## Activity
Take the entries below and retype them exactly.

···

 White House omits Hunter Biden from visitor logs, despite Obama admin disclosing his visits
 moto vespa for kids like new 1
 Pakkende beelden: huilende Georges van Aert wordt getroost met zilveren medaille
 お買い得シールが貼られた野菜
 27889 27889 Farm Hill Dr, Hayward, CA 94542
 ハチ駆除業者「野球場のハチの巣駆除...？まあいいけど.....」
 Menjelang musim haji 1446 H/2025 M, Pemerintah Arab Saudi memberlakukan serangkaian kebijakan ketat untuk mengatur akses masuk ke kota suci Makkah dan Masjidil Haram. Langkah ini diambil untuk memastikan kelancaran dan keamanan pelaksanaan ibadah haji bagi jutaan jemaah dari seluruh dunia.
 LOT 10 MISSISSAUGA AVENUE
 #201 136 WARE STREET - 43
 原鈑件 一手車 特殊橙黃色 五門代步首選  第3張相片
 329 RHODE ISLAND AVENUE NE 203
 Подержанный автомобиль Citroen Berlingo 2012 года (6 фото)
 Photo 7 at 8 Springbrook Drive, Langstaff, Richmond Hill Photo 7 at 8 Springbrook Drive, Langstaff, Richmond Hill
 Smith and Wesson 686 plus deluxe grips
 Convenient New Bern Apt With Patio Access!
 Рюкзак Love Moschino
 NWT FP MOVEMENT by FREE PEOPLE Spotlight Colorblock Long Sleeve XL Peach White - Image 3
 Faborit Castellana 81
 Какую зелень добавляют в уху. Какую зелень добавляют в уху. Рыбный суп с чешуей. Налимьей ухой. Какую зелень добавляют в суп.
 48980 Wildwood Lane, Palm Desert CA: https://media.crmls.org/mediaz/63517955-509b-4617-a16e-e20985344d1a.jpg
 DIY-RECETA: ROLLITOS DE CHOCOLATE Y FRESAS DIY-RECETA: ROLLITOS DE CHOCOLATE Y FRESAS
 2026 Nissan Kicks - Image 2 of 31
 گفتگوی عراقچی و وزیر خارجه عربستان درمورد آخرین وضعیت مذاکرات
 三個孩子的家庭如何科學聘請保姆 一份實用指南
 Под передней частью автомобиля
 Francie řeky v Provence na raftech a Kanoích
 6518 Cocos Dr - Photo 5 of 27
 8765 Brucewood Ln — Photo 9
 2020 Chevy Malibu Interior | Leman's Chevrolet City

···

## Answer
 White House omits Hunter Biden from visitor logs, despite Obama admin disclosing his visits
 moto vespa for kids like new 1
 Pakkende beelden: huilende Georges van Aert wordt getroost met zilveren medaille
 お買い得シールが貼られた野菜
 27889 27889 Farm Hill Dr, Hayward, CA 94542
 ハチ駆除業者「野球場のハチの巣駆除...？まあいいけど.....」
 Menjelang musim haji 1446 H/2025 M, Pemerintah Arab Saudi memberlakukan serangkaian kebijakan ketat untuk mengatur akses masuk ke kota suci Makkah dan Masjidil Haram. Langkah ini diambil untuk memastikan kelancaran dan keamanan pelaksanaan ibadah haji bagi jutaan jemaah dari seluruh dunia.
 LOT 10 MISSISSAUGA AVENUE
 #201 136 WARE STREET - 43
 原鈑件 一手車 特殊橙黃色 五門代步首選  第3張相片
 329 RHODE ISLAND AVENUE NE 203
 Подержанный автомобиль Citroen Berlingo 2012 года (6 фото)
 Photo 7 at 8 Springbrook Drive, Langstaff, Richmond Hill Photo 7 at 8 Springbrook Drive, Langstaff, Richmond Hill
 Smith and Wesson 686 plus deluxe grips
 Convenient New Bern Apt With Patio Access!
 Рюкзак Love Moschino
 NWT FP MOVEMENT by FREE PEOPLE Spotlight Colorblock Long Sleeve XL Peach White - Image 3
 Faborit Castellana 81
 Какую зелень добавляют в уху. Какую зелень добавляют в уху. Рыбный суп с чешуей. Налимьей ухой. Какую зелень добавляют в суп.
 48980 Wildwood Lane, Palm Desert CA: https://media.crmls.org/mediaz/63517955-509b-4617-a16e-e20985344d1a.jpg
 DIY-RECETA: ROLLITOS DE CHOCOLATE Y FRESAS DIY-RECETA: ROLLITOS DE CHOCOLATE Y FRESAS
 2026 Nissan Kicks - Image 2 of 31
 گفتگوی عراقچی و وزیر خارجه عربستان درمورد آخرین وضعیت مذاکرات
 三個孩子的家庭如何科學聘請保姆 一份實用指南
 Под передней частью автомобиля
 Francie řeky v Provence na raftech a Kanoích
 6518 Cocos Dr - Photo 5 of 27
 8765 Brucewood Ln — Photo 9
 2020 Chevy Malibu Interior | Leman's Chevrolet City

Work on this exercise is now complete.